Basically, I trusted the firewall of pfSense more than I trusted the firewall of a commercial modem, plus I can log and view a lot more of what's happening on pfSense than the commercial modem.
(I also have a firewall on my linux server, as mentioned above, which was intended to be an extra layer of security.)
A main reason for using Snort, I thought, was to import the list of Emerging Threats which could be automatically blocked, as well as use the Snort Vulnerability Research Team (VRT) Rules.
Snort is working to generate Alerts from attacks it recognizes from Emerging Threats, as well as other suspicious incoming traffic, but it's apparently not blocking the known attack traffic nor blocking the Source IP's of the attackers. Snort is apparently not blocking anything, despite my settings to "Block Offenders" as detailed in my original post.

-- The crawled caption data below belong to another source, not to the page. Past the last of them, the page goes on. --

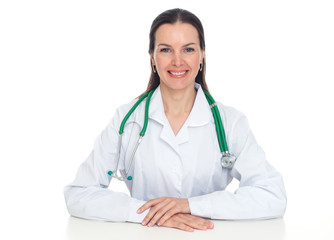 Fototapeta premium Beautiful smiling female doctor sitting at the desk. Isolated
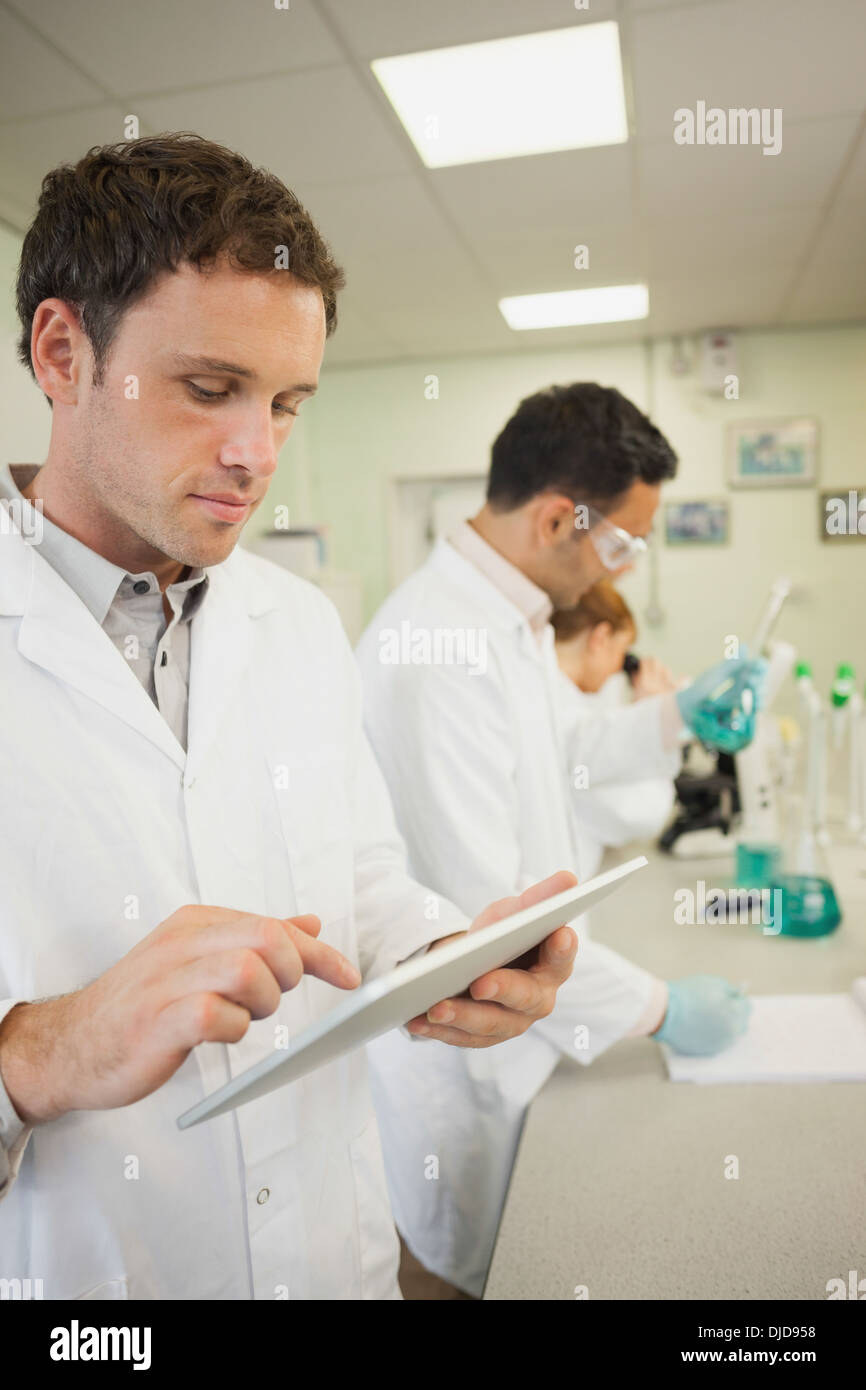 Carino giovane scienziato utilizzando il suo tablet Foto Stock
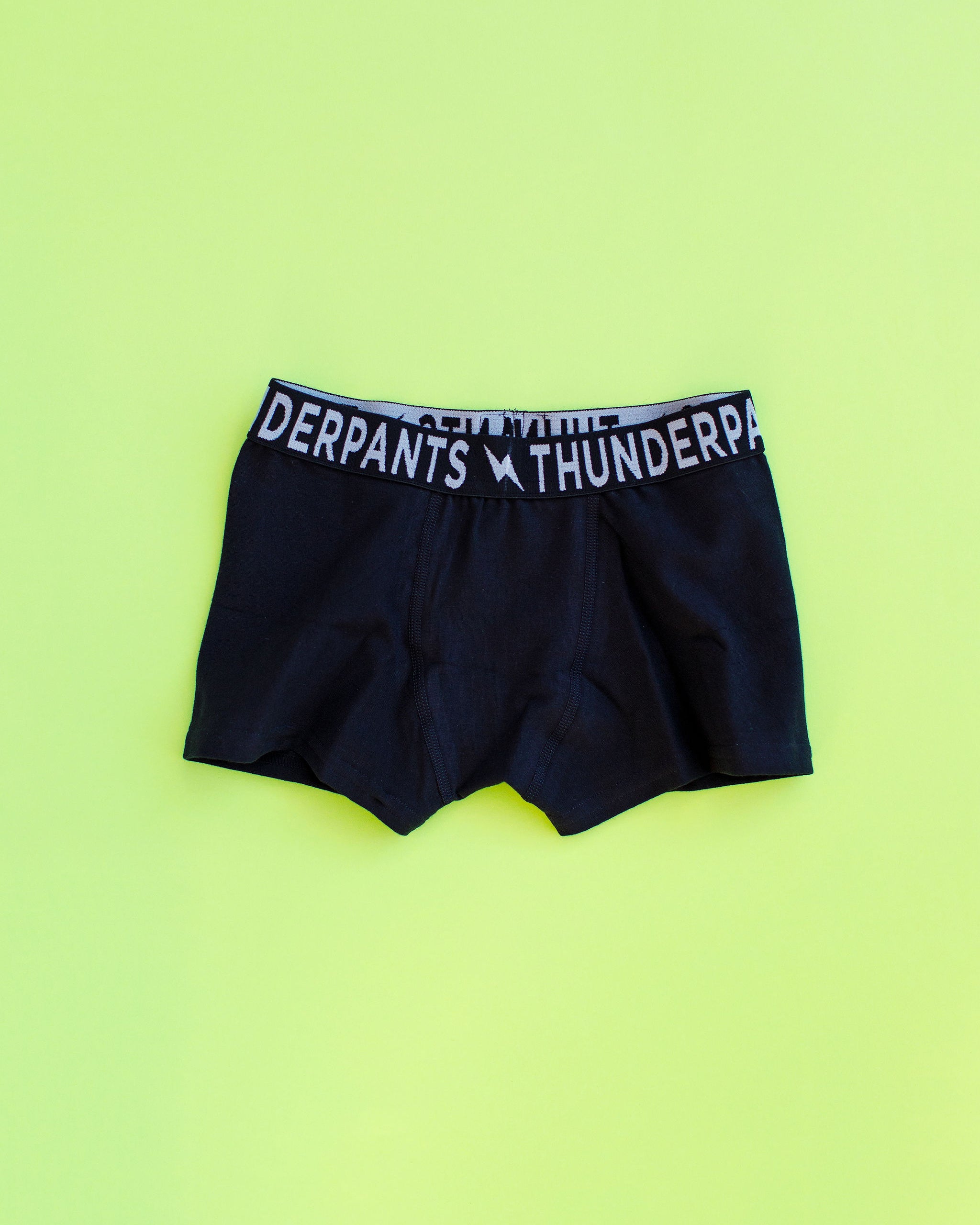 Flat lay of Thunderpants Kids Boxer Brief style underwear in Plain Black.
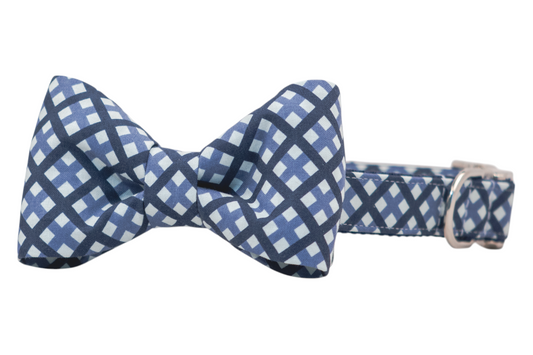 A blue plaid dog bow tie collar with crisp lines and a grid-like pattern of navy and pale blue. The adjustable collar is made of matching fabric and includes a metallic D-ring for function and style.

So, I'm sorry to say, Snort doesn't seem to be of much practical use at this point, unless somebody can point out what I'm doing wrong.
pfSense overall is nice and much appreciated. It's just Snort which I'm frustrated with at the moment. Maybe it's time for an alternative to Snort? Or am I misunderstanding something or doing something wrong?
I think NogBadTheBad is right in his reply that using blacklists of known threats is an important part of security, and that's what I have been trying to do with Snort and the Emerging Threats list, but Snort just doesn't seem to be blocking anything in my pfSense, though maybe it's working for NogBadTheBad. Nothing is showing in my blocked hosts list. It also says at the bottom of the page "There are currently no hosts being blocked by Snort."
bmeeks last edited by
Snort works fine and blocks fine. There are many users on this forum using it successfully. I have it working just fine on my home network and it produces blocks with no issues. You do not have something configured correctly. I have no idea what that might be as I can't examine your system remotely. I can only assure you that, properly configured, Snort works just fine.
As @johnpoz suggested, generally there is no benefit in running Snort on the WAN unless you have an external facing host of some sort providing a public service (such as a web server, email server, DNS server, etc.). Snort (and Suricata in Legacy Mode) use libpcap to get copies of packets inbound from the WAN to the pf firewall engine. Snort analyzes and works with the copy whereas the original packet continues on to the firewall. The key point here is that your pf firewall is going to have already blocked unsolicited inbound traffic before Snort will, since Snort is working off that copy.
You state that you have users accessing a LAN server from the Internet via SSH and HTTP. Still better to run Snort on the LAN in my view. A key benefit of that is alerts will show up with the internal IP address of the host. When run on the WAN with NAT, all your local hosts will show up as the WAN IP because Snort sees outbound traffic after NAT rules have been applied.
One tip for you, investigate your Pass List setting and the parameter on INTERFACE SETTINGS for which IP to block. Is that set to BOTH? Your LAN host is going to be in the automatic default Pass List (all LAN host IPs are included). You can customize that if you want to.
Is your modem routing, if it was bridging you's see a non RFC1918 address on the pfSense WAN NIC ?
BTW my blacklist is to block shodan.io & other IP addresses.